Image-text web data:
──────────

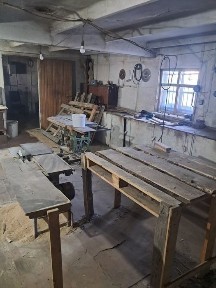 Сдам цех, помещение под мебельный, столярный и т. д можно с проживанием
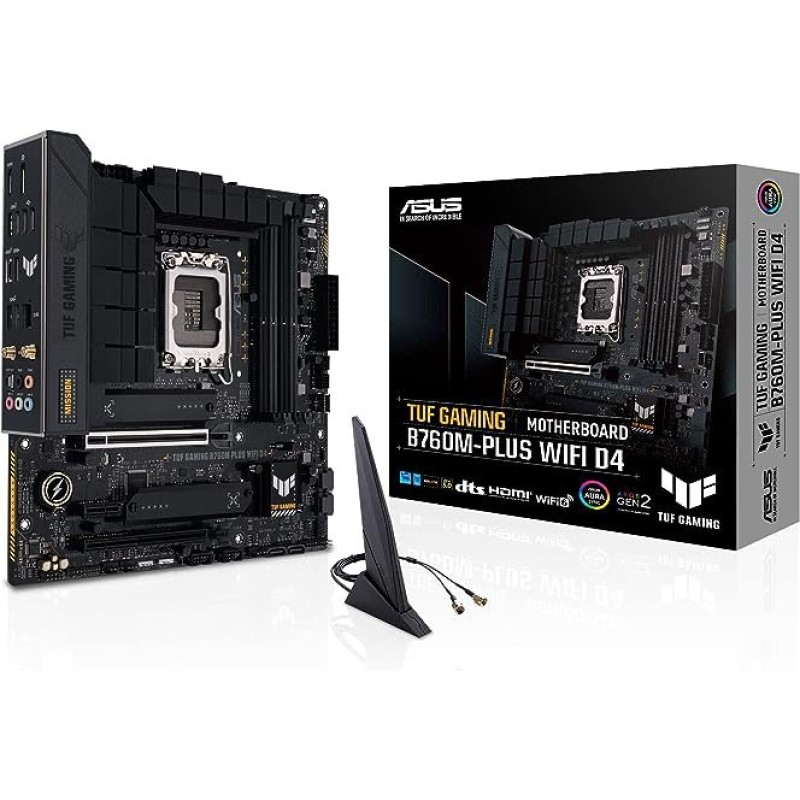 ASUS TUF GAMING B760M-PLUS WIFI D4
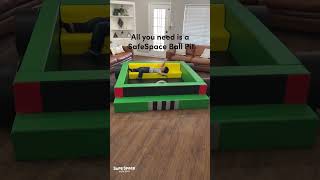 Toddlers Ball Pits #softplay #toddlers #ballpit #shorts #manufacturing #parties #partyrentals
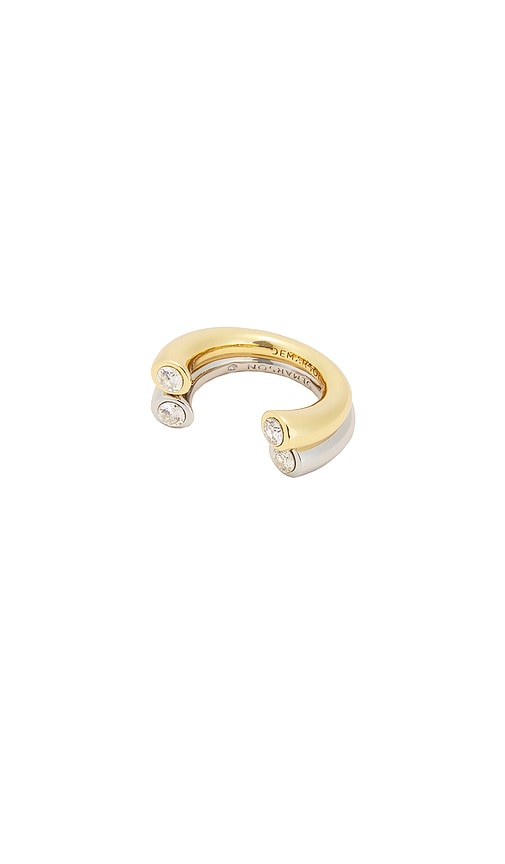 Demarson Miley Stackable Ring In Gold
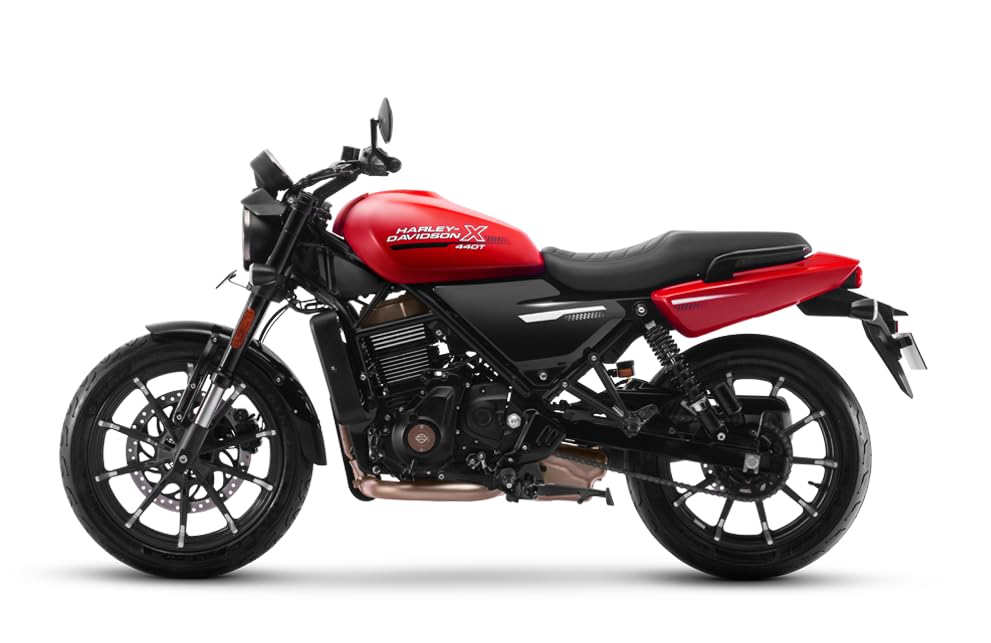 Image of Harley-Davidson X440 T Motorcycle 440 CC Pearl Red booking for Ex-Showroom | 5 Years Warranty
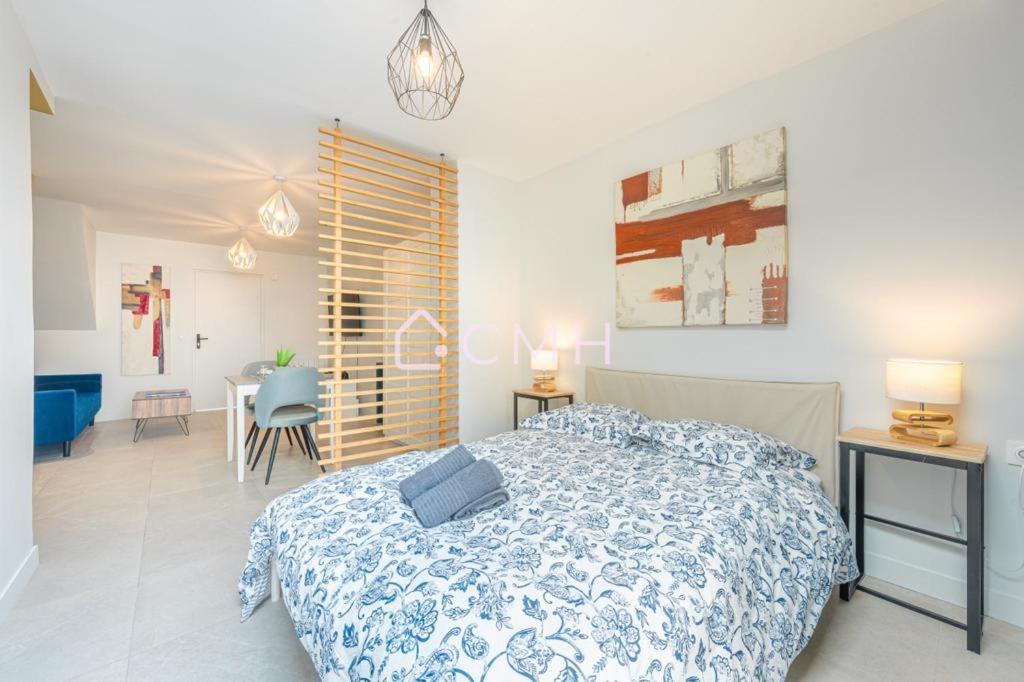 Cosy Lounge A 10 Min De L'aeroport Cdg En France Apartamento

──────────

**ACTIVITY**
Exactly as written, restate the lines above from the opening line through the one holding "Image of Harley-Davidson", omitting the pictures.

**ANSWER TO THIS PROBLEM**
 Сдам цех, помещение под мебельный, столярный и т. д можно с проживанием
 ASUS TUF GAMING B760M-PLUS WIFI D4
 Toddlers Ball Pits #softplay #toddlers #ballpit #shorts #manufacturing #parties #partyrentals
 Demarson Miley Stackable Ring In Gold
 Image of Harley-Davidson X440 T Motorcycle 440 CC Pearl Red booking for Ex-Showroom | 5 Years Warranty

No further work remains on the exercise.